No. 9 - Listen To Their Ideas

When you finally reached the dizzy heights of managing a project, the first thing that happens - if you're like me, anyway - is you get ideas-crazy. You have spent years having ideas that you never got to actually do because your co-ordinator didn't listen to you and let you run with things. Now though, you actually get to give life to your ideas and make them happen. It's actually a lovely feeling, and it's more than okay to have tonnes of ideas. Just make sure that you don't do what your co-ordinators did to you and ignore the ideas of those beneath you.

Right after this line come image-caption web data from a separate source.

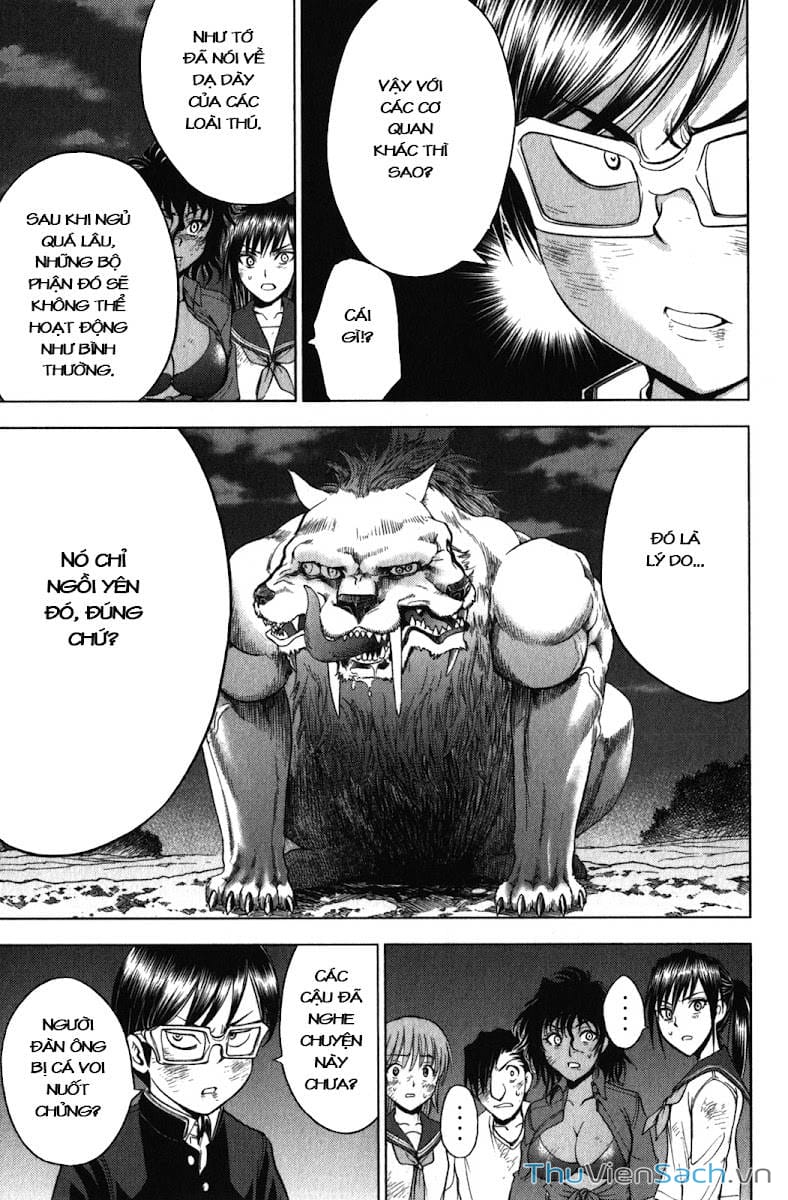 Truyện Tranh Cage Of Eden trang 11
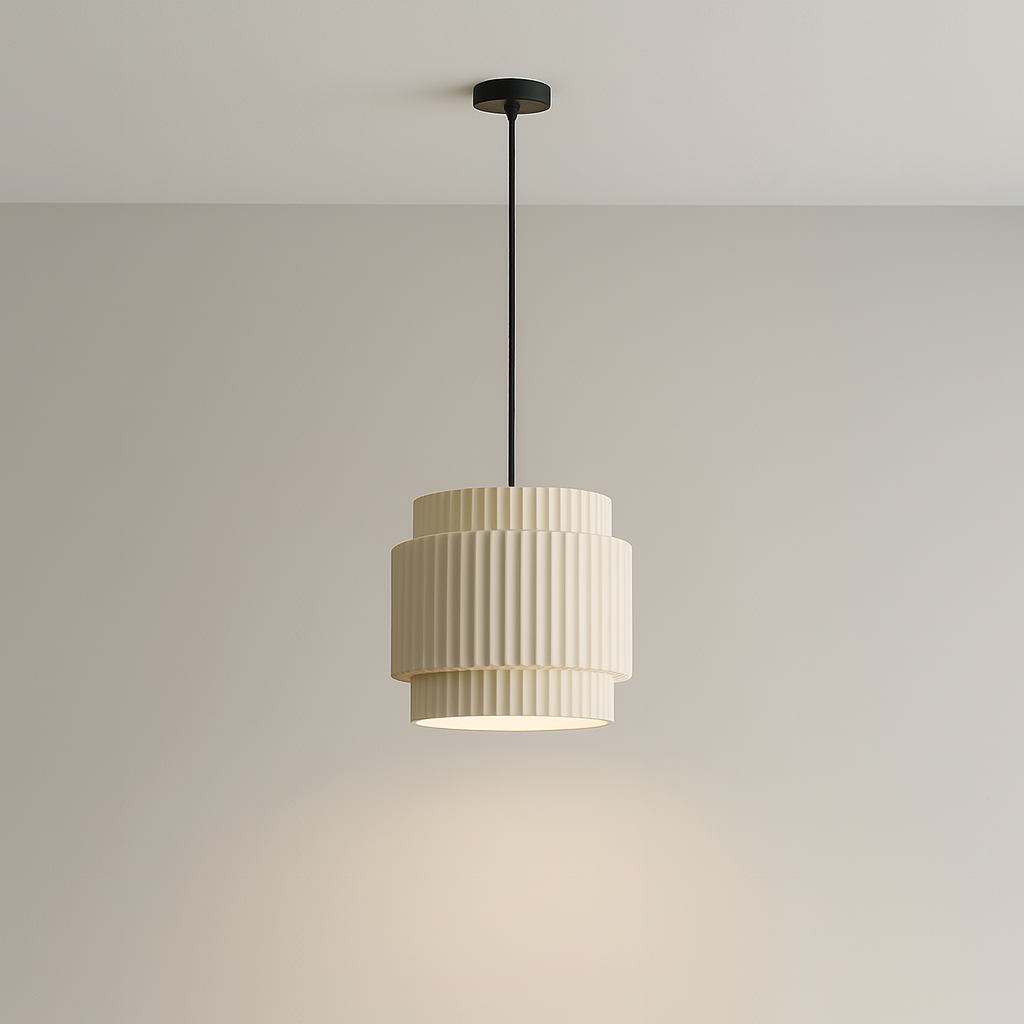 Minimalist Pendant Light  Adjustable Hanging Lamp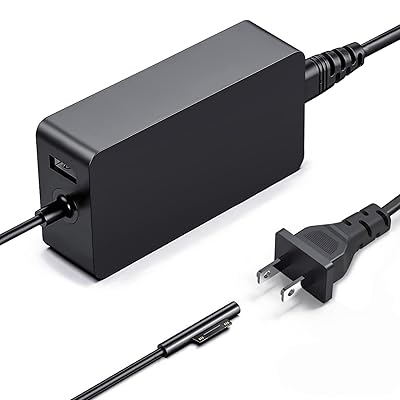 HUNDA Surface 充電器 65W Surface laptop充電器 サーフェス pro 電源 ACアダプター 65W 44W 36W 24Wに応用可能 15V 4A Surface Pro X/8/7/6/5/4/3 Surface Bo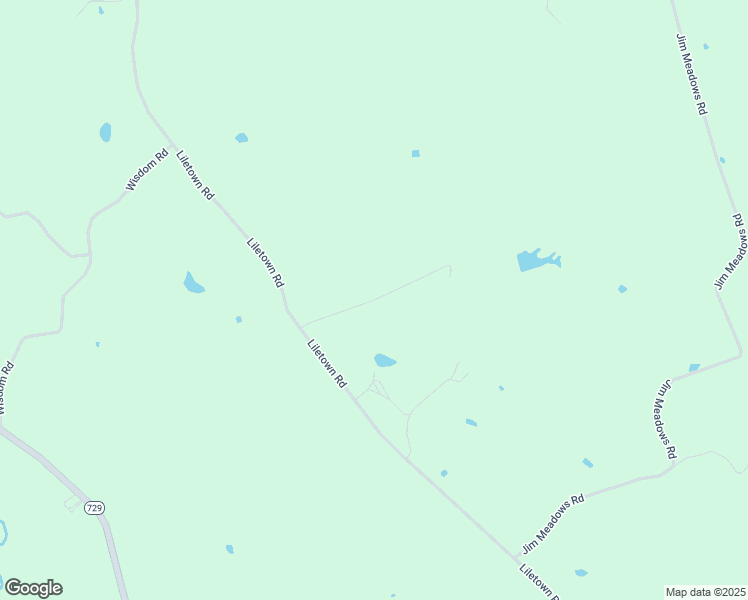 map of restaurants, bars, coffee shops, grocery stores, and more near Sam Perkins Road in Green County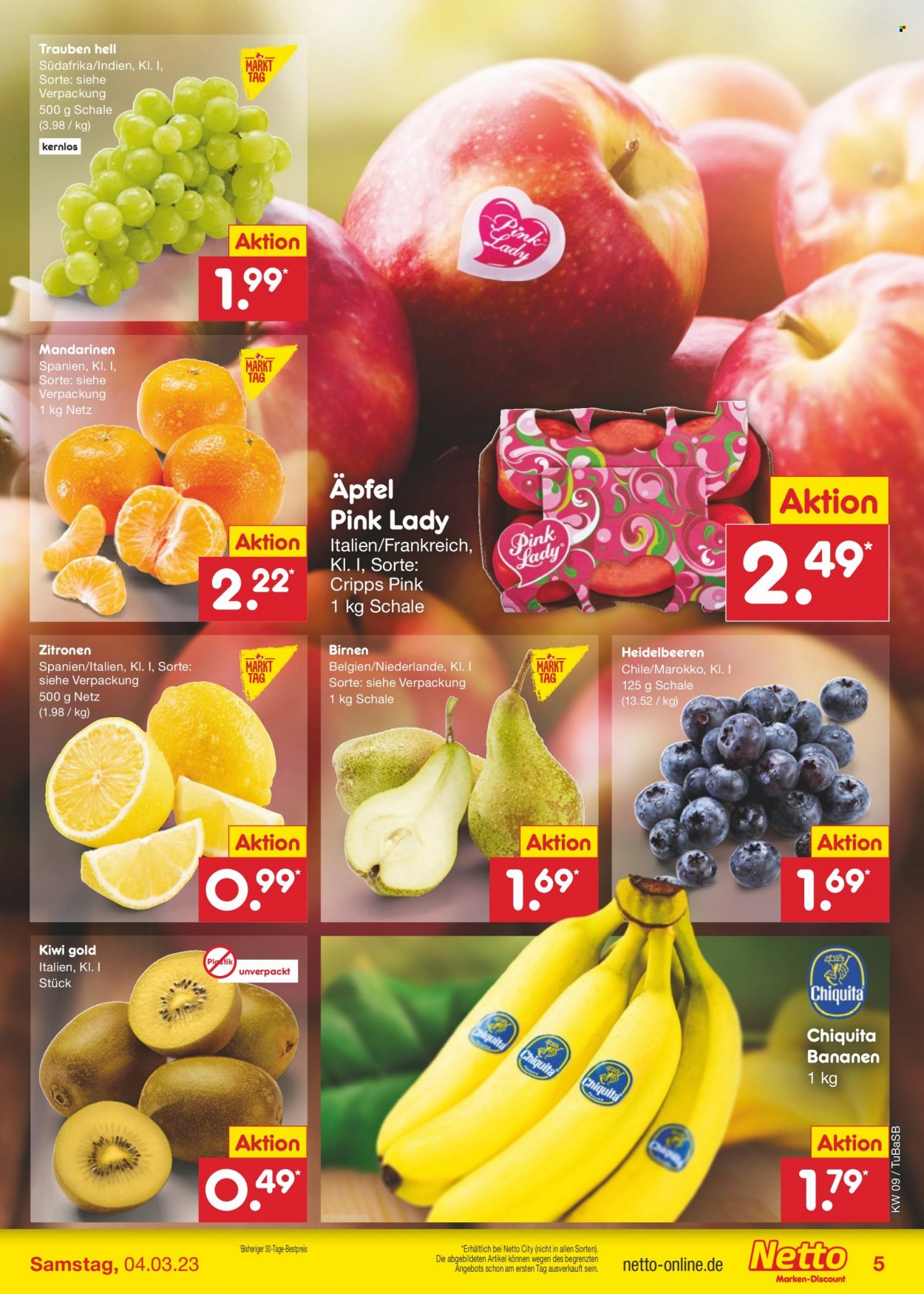 Netto Marken-Discount Prospekte  - 27.02.2023 - 4.03.2023. Seite 5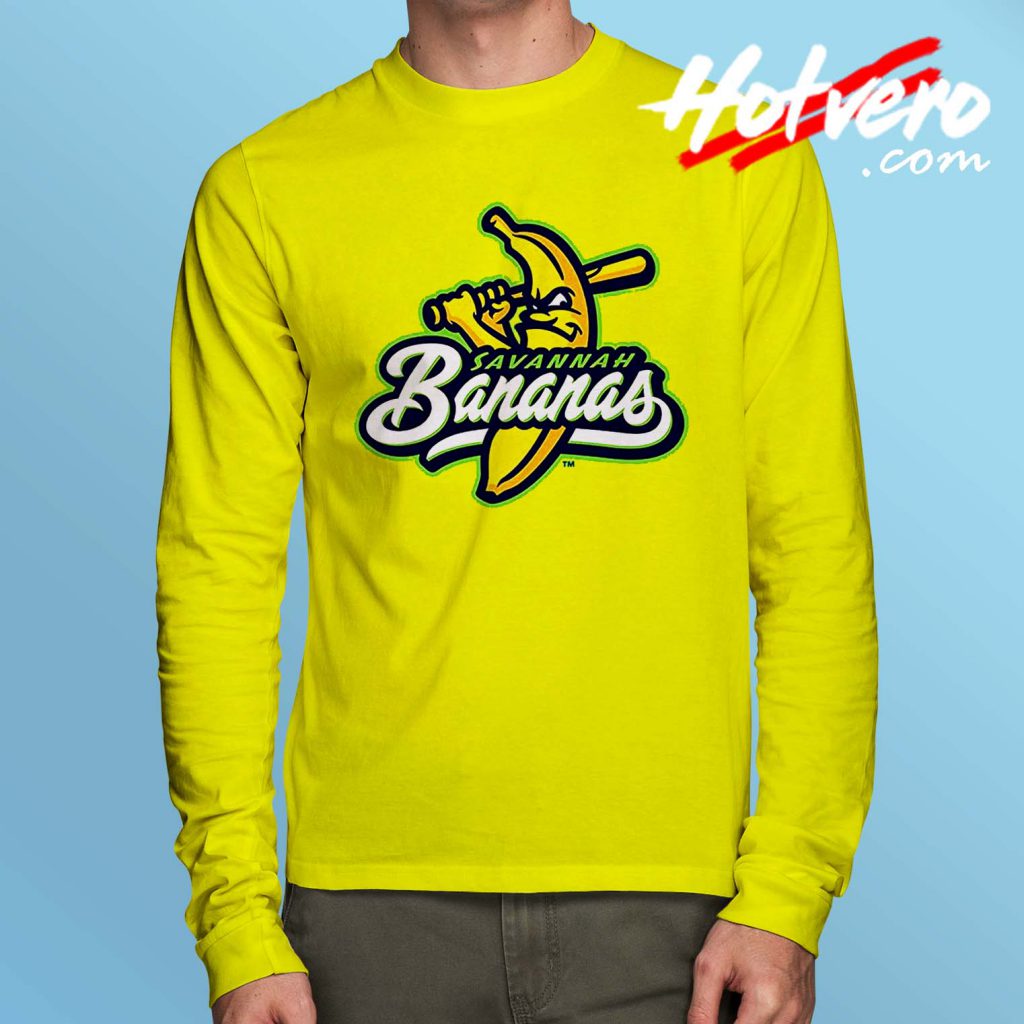 Savannah Bananas Long Sleeve T Shirt - Hotvero.com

When you have ideas, take them to your volunteers and ask them what they think. Be prepared to respond generously to what they say. Let them know too that they are allowed to have ideas. And if they have good ones, don't be afraid to run with them. Leadership, after all, isn't about having the best ideas; it's about knowing who does. If your volunteers know that their ideas will be listened to and taken seriously then they will feel affirmed, valued and liked. They will take the project to heart in a bigger way and invest more of themselves in it.

Some of the very best projects I've seen have been those where team members get round a table and thrash out great ideas together. They all contribute and they all work together to make the ideas stronger and better. You just can't do that by being dictatorial. Conversely, some of the worst projects I've seen have been those where the co-ordinator just sets an agenda and dictates. It's not cool!